■ **Dataset content**:

____

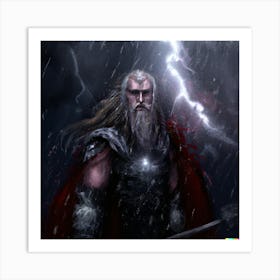 Dark God of Thunder Art Print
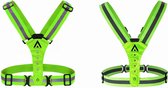 LED Sport Vest Reflectie - Hardloop Vest - Reflecterend Hardloopvest - Hardloop Verlichting - Veiligheidsvest - Volwassenen/Mannen/Vrouwen - Verstelbaar - One Size - Neon Geel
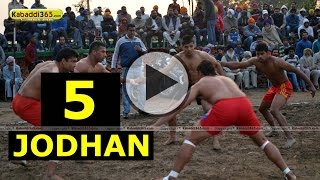 Jodhan (Ludhiana) Kabaddi Tournament 1 Mar 2014 Part 1 By Kabaddi365.com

____

■ **What the task requires**:
What is needed is a word-for-word copy of the data above, free of any images.

■ **Output of the exercise**:
 Dark God of Thunder Art Print
 LED Sport Vest Reflectie - Hardloop Vest - Reflecterend Hardloopvest - Hardloop Verlichting - Veiligheidsvest - Volwassenen/Mannen/Vrouwen - Verstelbaar - One Size - Neon Geel
 Jodhan (Ludhiana) Kabaddi Tournament 1 Mar 2014 Part 1 By Kabaddi365.com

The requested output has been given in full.